PWscf immigration

If you are a new AiiDA user, it’s likely you already have a large number of calculations that you ran before installing AiiDA. This tutorial will show you how to immigrate any of these PWscf (pw.x) calculations into your AiiDA database. They will then exist there as if you had actually run them using AiiDA (with the exception of the times and dates the calculations were run).

It is assumed that you have already performed the installation, that you already setup a computer (with verdi), and that you have installed Quantum Espresso on the cluster and pw.x as a code in AiiDA. You should also be familiar with using AiiDA to run a PWscf calculation and the various input and output nodes of a PwCalculation. Please go through PWscf before proceeding.

Example details

The rest of the tutorial will detail the steps of immigrating two example pw.x calculations that were run in /scratch/, using the code named 'pw_on_TheHive', on 1 node with 1 mpi process. The input/output file names of these calculations are

  • pw_job1.in/pw_job1.out
  • pw_job2.in/pw_job2.out

Imports and database environement

As usual, we load the database environment and load the PwimmigrantCalculation class using the CalculationFactory.

# Load the database environment.
from aiida import load_dbenv
load_dbenv()

from aiida.orm.code import Code
from aiida.plugins import CalculationFactory

# Load the PwimmigrantCalculation class.
PwimmigrantCalculation = CalculationFactory('quantumespresso.pwimmigrant')

Code, computer, and resources

Important

It is up to the user to setup and link the following calculation inputs manually:

  • the code
  • the computer
  • the resources

These input nodes should be created to be representative of those that were used for the calculation that is to be immigrated. (Eg. If the job was run using version 5.1 of Quantum-Espresso, the user should have already run verdi code setup to create the code’s node and should load and pass this code when initializing the calculation node.) If any of these input nodes are not representative of the actual properties the calculation was run with, there may be errors when performing a calculation restart of an immigrated calculation, for example.

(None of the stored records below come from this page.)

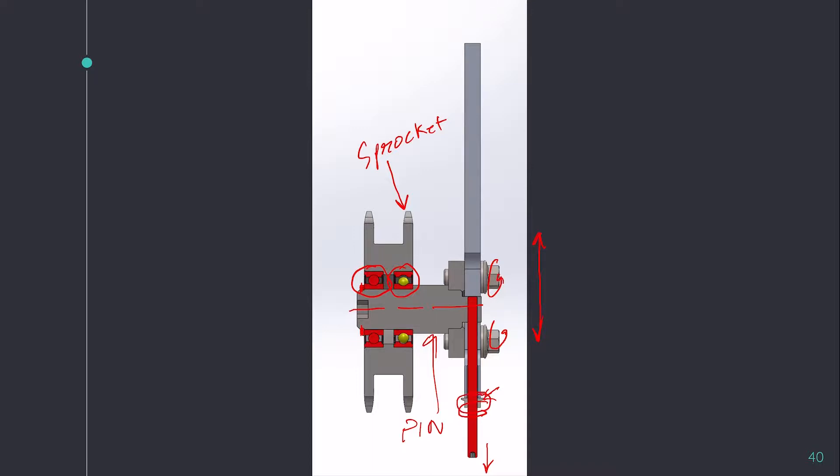Usually, such assemblies are also spring-loaded so that they can automatically come back to their position. But in free flow conveyor and accumulation conveyor, chain tensioning is not very high, and we can actually have this kind of arrangement where by force we can move the assembly up.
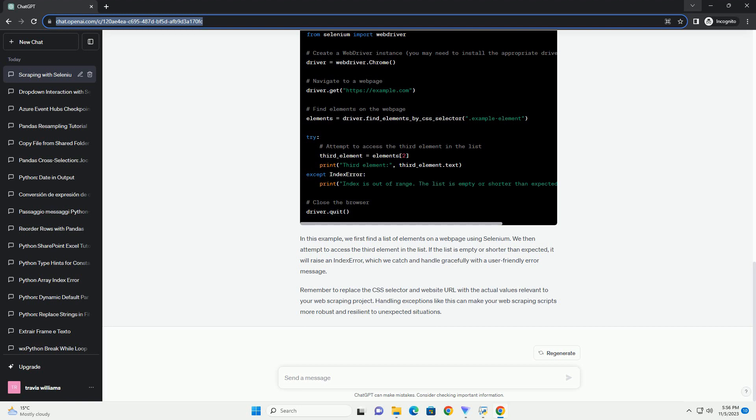Let's see a code example using Selenium to scrape data from a web page and handle the IndexError list index out of range error. In this example, we first find a list of elements on a web page using Selenium. We then attempt to access the third element in the list. If the list is empty or shorter than expected, it will raise an IndexError, which we catch and handle gracefully with a user-friendly error message. Remember to replace the CSS selector and website URL with the actual values relevant to your web scraping project. Handling exceptions like this can make your web scraping scripts more robust and resilient to unexpected situations.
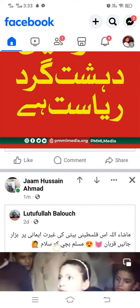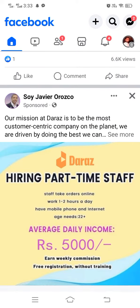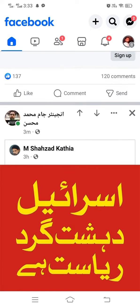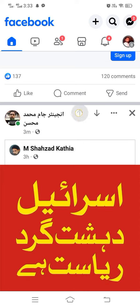For example, this content is my favorite and I want to see more of it. So I tap on the arrow facing upward, and you will see a message saying 'you will see more content like this for a while.'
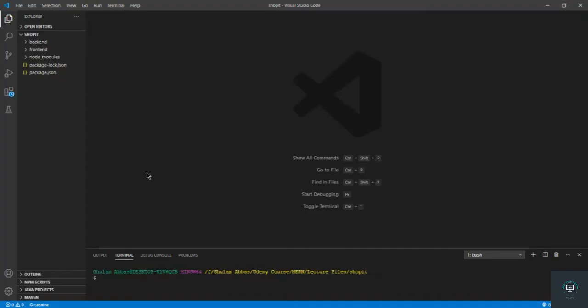Welcome back. In our previous section we completed about 80-90% of the back-end — we added all the functionalities. We just have to add Cloudinary to upload images and Stripe for payments on the back-end. Before doing that, I want to do the front-end first because I need to pass some data from the front-end to the back-end to add those two functionalities.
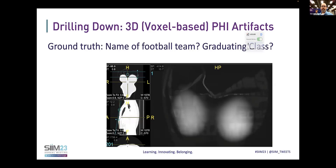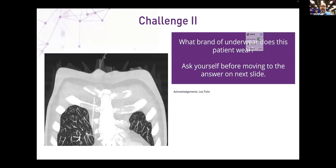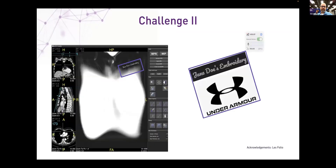Let's look at some of these three-dimensional artifacts. I'd ask the audience: what brand of underwear does this patient wear? Can you establish where this PHI vector is? Now we're localizing it, and reorienting the image — you can see quite clearly that we've got an Under Armour branded symbol. We've also embedded a synthetic artifact here, illustrative of other kinds of PHI that we might encounter, which would pose real serious re-identification risks.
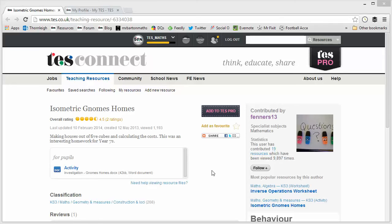Hello and welcome to the TES Secondary Maths Resource of the Week number 32 with me Craig Barn. Something completely different this week because over the last couple of weeks we've been getting a bit bogged down with GCSE preparation and revision resources.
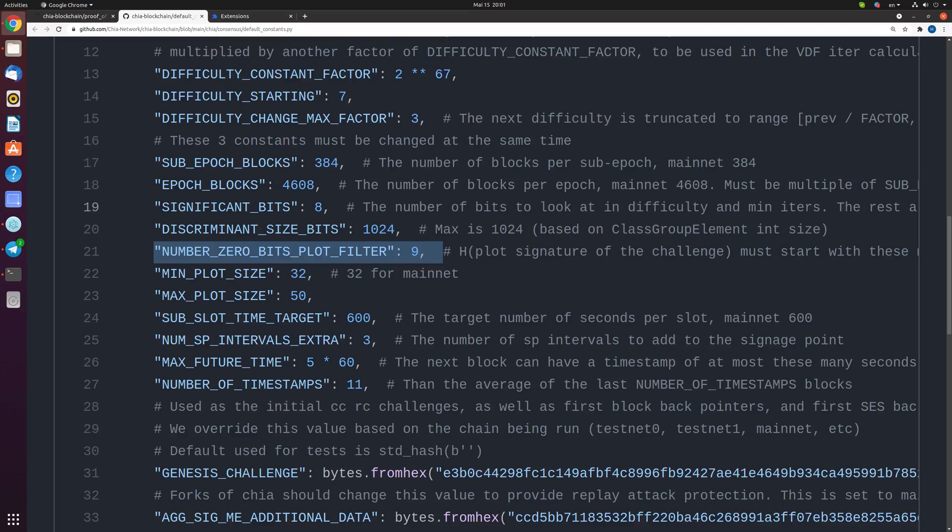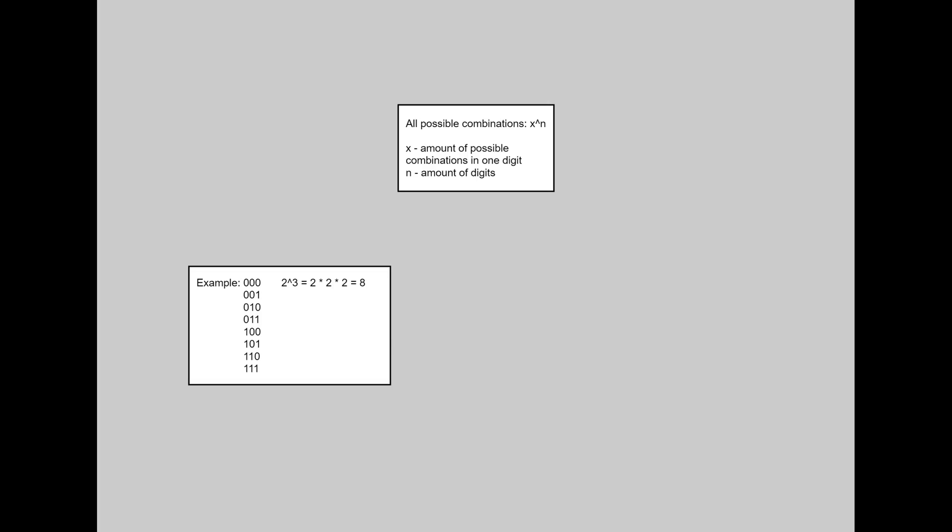Let's calculate our changes mathematically. Amount of possible combinations of numbers are represented as x in the power n, where x is amount of possible combinations only in one digit, and n is number of digits. For example, if we have 3 digits, amount of possible combinations will be 2 in the power 3. 2 because digits can be only 1 or 0.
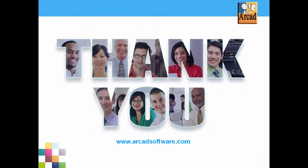Be sure to check out our other videos. For more information on this product or any of our other products, please visit our website at www.arcadsoftware.com. Thank you.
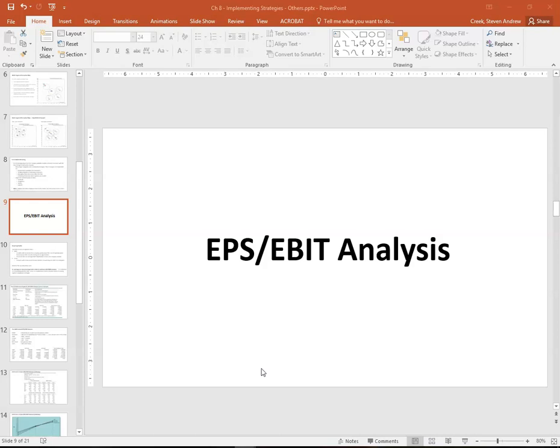Welcome to strategy class, this is Professor Kreek. In this video we're going to be taking a look at EPS/EBIT analysis, which is a technique that firms use to decide based on the amount of money that we need to acquire capital.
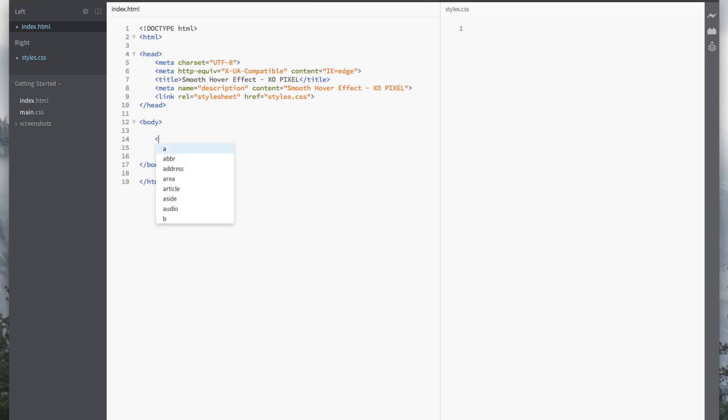First, create a simple set of links using the unordered list tag and the list tag. We will be removing the closing list tag. This will ensure that there will be no white space between the links when we style it with CSS.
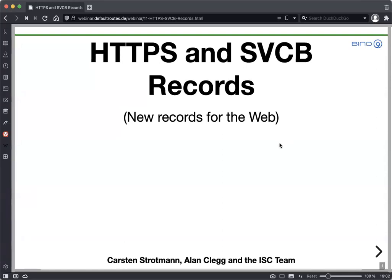Thank you, Vicky. Hello, everybody. Today it's about HTTPS and the service binding record, because service binding is what SVCB stands for. These are new records, mostly for the web. Some can be used for other protocols, but today we will mostly talk about the HTTPS record and how we use that for websites.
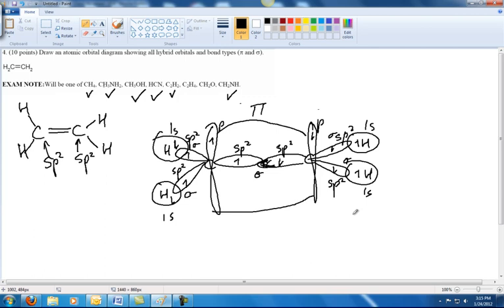That's the completed structure for C2H4. The pi bond between the two P orbitals is a single pi bond, and its two electrons appear above and below the plane of the sigma bond in the middle.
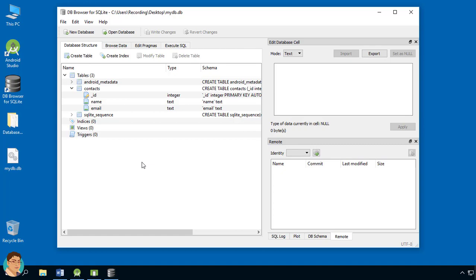As you can see, the contacts table has been created. To recap, I have covered the basics of database creation and upgradation. Next I will create a complete project to demonstrate all the basic CRUD operations. See you in the next video.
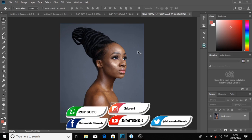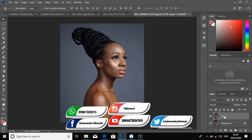Hello guys, welcome to James' tutorial. Today I want to show you how you can easily portraiture an image without using a portraiture plugin. The very first thing you do is duplicate the image you want to portraiture using the shortcut Ctrl+J. I'll rename that layer now to 'portraiture'.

Next, we load the code and computer that have already been configured to be representative of those used to perform the calculation. We also define the resources representive of those that were used to run the calculation.

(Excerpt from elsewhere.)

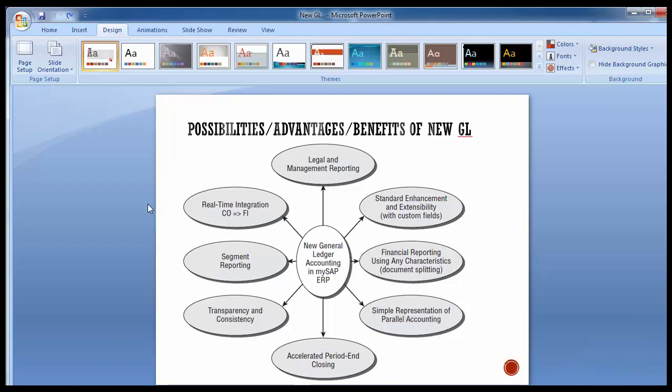Segment reporting is a legal requirement in many countries. US GAAP and IFRS require a segment to be reported if the total external revenue of the segment exceeds a certain percentage of the total revenue. They also require income statements and balance sheets to be reported by segment. The segment here refers to different business areas a company may operate in — for example, insurance, automobile, or retail sectors could each be taken as different segments in the SAP system.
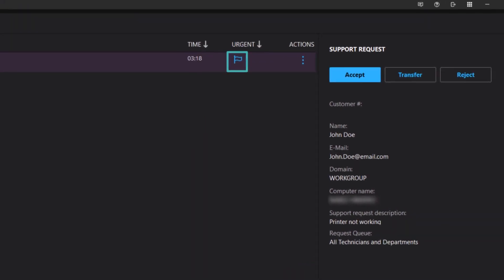Click the flag to mark a request urgent from the queue. The request moves to the top of the queue and is visible to all technicians.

# Load the Code node representative of the one used to perform the calculations.
code = Code.get_from_string('pw_on_TheHive@machinename')

# Get the Computer node representative of the one the calculations were run on.
computer = code.get_remote_computer()

# Define the computation resources used for the calculations.
resources = {'num_machines': 1, 'num_mpiprocs_per_machine': 1}

Initialization of the calculation

Now, we are ready to initialize the immigrated calculation objects from the PwimmigrantCalculation class. We will pass the necessary parameters as keywords during the initialization calls. Then, we link the code from above as an input node.

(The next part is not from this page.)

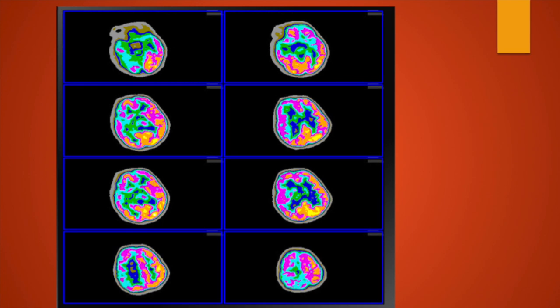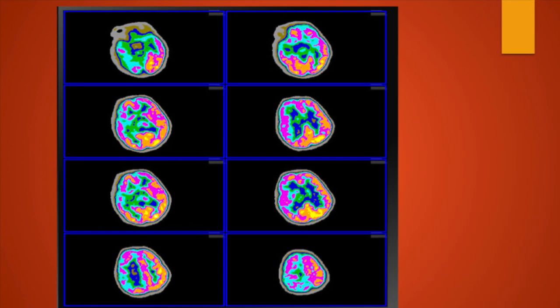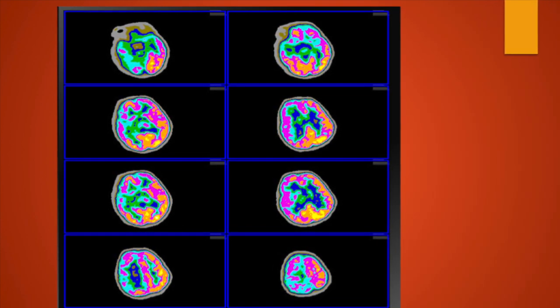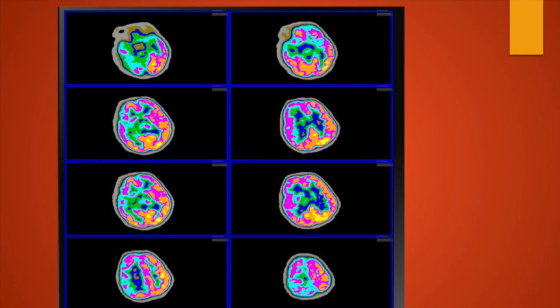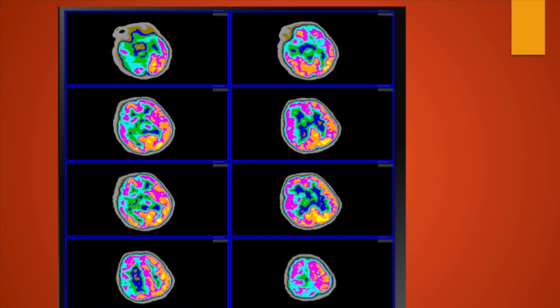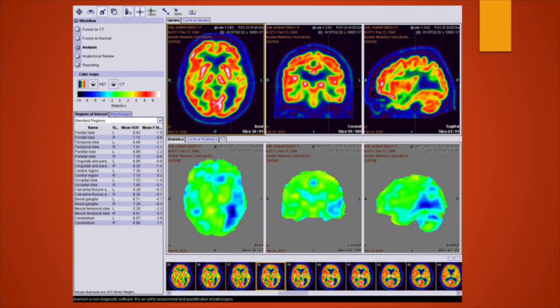The chart also includes temporal lobes, parietal lobes, cingulate areas, central region, occipital lobe, calcarine fissure, basal ganglia, mesial temporal lobe and cerebellum. All regions have left (L) and right (R) values with mean SUV values shown. The disparity in the difference between the right and left is the mean shown in the chart. With the SUV values we can see the disparity between right and left and that is how you can easily identify the metabolic activity of the cerebral cortex.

# Initialize the pw_job1 calculation node.
calc1 = PwimmigrantCalculation(computer=computer,
                               resources=resources,
                               remote_workdir='/scratch/',
                               input_file_name='pw_job1.in',
                               output_file_name='pw_job1.out')

# Initialize the pw_job2 calculation node.
calc2 = PwimmigrantCalculation(computer=computer,
                               resources=resources,
                               remote_workdir='/scratch/',
                               input_file_name='pw_job2.in',
                               output_file_name='pw_job2.out')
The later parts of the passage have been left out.